■ TASK TO CARRY OUT:
Collect every line in the records below that contains the word "inches".

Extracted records

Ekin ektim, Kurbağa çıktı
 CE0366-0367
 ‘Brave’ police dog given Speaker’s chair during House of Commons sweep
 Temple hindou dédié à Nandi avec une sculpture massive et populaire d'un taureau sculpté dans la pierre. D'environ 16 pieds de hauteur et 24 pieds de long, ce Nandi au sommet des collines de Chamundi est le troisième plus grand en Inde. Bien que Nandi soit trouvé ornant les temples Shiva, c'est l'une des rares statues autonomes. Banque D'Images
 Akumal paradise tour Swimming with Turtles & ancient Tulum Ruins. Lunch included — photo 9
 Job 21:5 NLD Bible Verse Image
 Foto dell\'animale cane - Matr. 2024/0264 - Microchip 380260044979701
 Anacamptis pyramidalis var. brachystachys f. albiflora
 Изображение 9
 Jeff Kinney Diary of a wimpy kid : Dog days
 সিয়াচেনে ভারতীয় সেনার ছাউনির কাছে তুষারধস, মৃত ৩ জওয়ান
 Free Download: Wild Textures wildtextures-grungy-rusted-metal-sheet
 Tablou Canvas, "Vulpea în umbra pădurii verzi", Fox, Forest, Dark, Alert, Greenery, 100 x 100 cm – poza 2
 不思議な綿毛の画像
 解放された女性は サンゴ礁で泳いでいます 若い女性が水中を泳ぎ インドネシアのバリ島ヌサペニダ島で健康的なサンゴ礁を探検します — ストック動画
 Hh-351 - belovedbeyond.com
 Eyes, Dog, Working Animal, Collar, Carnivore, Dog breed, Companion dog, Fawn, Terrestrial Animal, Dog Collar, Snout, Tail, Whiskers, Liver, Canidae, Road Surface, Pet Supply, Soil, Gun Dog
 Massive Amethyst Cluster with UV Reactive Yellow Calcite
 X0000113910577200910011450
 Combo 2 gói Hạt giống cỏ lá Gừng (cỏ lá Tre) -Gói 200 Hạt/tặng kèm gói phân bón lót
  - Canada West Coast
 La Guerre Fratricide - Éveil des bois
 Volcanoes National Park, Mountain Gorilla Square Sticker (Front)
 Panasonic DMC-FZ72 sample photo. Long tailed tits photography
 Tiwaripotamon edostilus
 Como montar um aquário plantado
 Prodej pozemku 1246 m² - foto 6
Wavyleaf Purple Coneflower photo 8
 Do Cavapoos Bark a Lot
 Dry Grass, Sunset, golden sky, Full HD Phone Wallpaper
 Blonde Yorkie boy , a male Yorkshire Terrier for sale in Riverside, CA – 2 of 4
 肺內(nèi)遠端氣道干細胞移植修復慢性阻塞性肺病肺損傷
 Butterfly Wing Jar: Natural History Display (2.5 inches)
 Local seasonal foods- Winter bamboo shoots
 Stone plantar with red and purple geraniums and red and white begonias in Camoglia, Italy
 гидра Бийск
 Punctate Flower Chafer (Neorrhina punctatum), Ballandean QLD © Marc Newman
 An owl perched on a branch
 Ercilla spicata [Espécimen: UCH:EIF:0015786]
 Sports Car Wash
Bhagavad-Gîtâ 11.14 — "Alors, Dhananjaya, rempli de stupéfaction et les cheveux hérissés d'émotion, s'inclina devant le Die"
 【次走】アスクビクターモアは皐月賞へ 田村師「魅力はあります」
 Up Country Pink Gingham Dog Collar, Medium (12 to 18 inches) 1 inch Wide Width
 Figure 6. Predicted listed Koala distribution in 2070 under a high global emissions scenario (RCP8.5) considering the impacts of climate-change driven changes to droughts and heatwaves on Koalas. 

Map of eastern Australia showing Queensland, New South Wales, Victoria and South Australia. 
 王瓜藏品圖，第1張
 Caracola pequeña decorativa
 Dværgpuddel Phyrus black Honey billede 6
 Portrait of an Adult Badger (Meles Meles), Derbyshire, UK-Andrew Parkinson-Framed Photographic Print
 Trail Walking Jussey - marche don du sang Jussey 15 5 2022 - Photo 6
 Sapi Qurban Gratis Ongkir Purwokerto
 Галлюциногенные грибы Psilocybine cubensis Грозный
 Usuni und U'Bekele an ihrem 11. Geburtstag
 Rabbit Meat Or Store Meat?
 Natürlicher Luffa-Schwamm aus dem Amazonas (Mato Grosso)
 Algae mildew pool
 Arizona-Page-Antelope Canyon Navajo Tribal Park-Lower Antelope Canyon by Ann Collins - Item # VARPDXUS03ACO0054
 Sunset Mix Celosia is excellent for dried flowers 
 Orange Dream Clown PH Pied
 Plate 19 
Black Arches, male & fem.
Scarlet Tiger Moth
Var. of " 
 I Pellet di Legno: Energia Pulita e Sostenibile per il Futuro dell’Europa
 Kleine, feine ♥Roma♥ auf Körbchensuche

■ RESPONSE BOX:
 Butterfly Wing Jar: Natural History Display (2.5 inches)
 Up Country Pink Gingham Dog Collar, Medium (12 to 18 inches) 1 inch Wide Width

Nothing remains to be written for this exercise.